Search code examples
binary-search-treecomputer-science

The expected height of a randomly filled binary search tree on n distinct keys is O(log(n))


I am working on a project for school, and the assignment has us:

  1. Implement the Tree-Insert(T,z) operation on a binary search tree.
  2. Repeatedly Insert n randomly picked numbers in a binary search tree and collect the height h.
  3. Plot on the same plot the quantity h/lg(n) versus n.

I have a completed program that outputs the value of n from 250-50K, the average height of my randomly filled BST, and the value of height(n)/log2(n).

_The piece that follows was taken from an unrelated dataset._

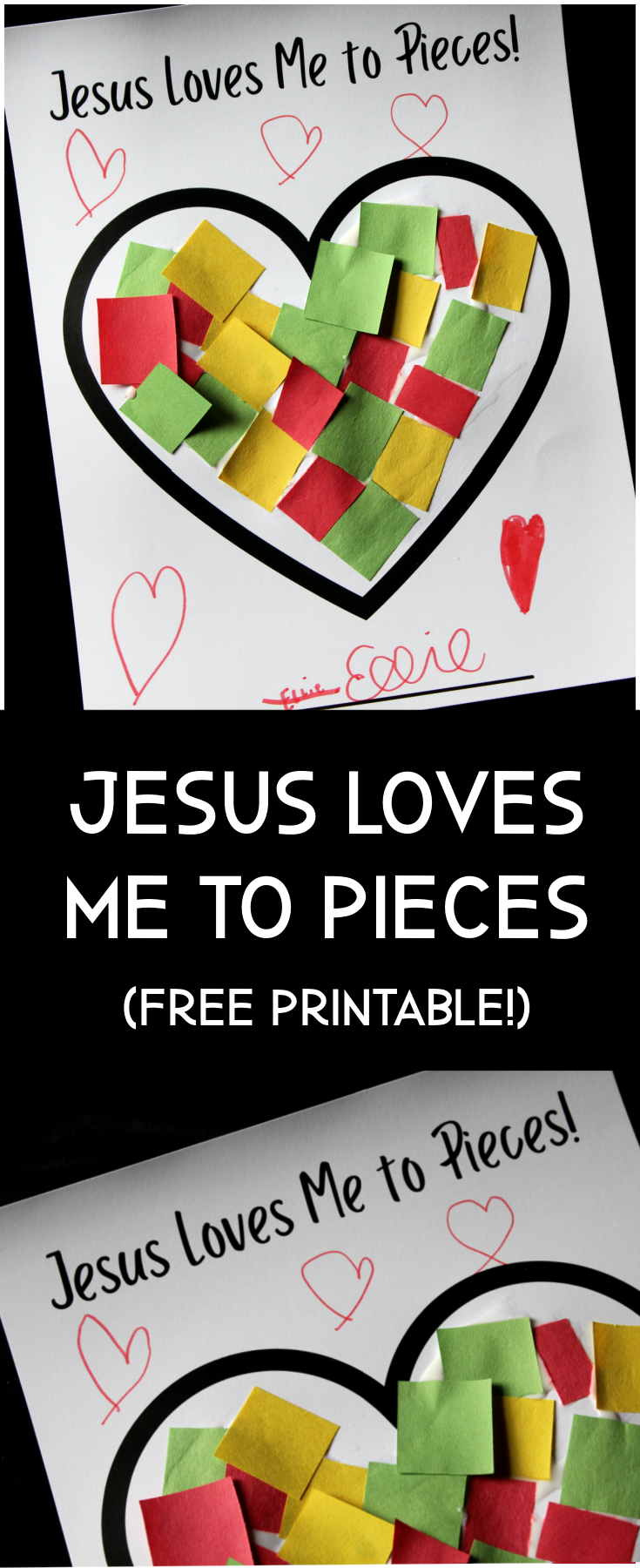 jesus loves me craft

I can provide the code if needed but the pseudocode for the program looks like:

collectData()
for n = 250 to 10,000 by 250 // 250, 500, 750, …. 10,000
    sum_heightn = 0
    for j = 1 to 10 do //Take 10 measurements mj for j=1 to 10
        for i = 1 to n
           pick randomly a number p in the range [0,n]
           create a node z
           set z.key = p
           Tree-Insert(T,z)
        Measure the height hj of the tree
        Discard Tree
        sum_height += hj
collect Height(n)= sum_heightn/10 // Average height for n
Write in a file F the value n and Height(n)/log_2(n).  

I am struggling trying to understand what the value I get when calculating h(n)/log2(n) means. Can anyone help explain? Thanks.


Solution

  • A binary tree of height h can have at most 2^h - 1 nodes.

         1
        / \
       /   \
      2     3
    

    The height of the above tree is 2, and the maximum number of nodes that you can have in this tree is 2^2 - 1 = 3.

    log_2(n) for a large n denotes (approximately) the height of a completely filled tree. Similarly, you can say that asymptotically, the height of a balanced tree with n nodes will be O(log_2(n)).

    height / log_2(n) is simply a ratio which can go

    • maximum up to n / log_2(n) when the tree is skewed (when the order of insertion order is either increasing or decreasing).
    • minimum up to 1 when the tree is perfectly balanced and the height of the tree becomes log_2(n).

    You can see this ratio in the following way: It depicts the degree of skewness of the given tree. If this ration is close to n/log_2(n), then the tree is very skewed and if the ratio is close enough to 1, then the tree is much balanced.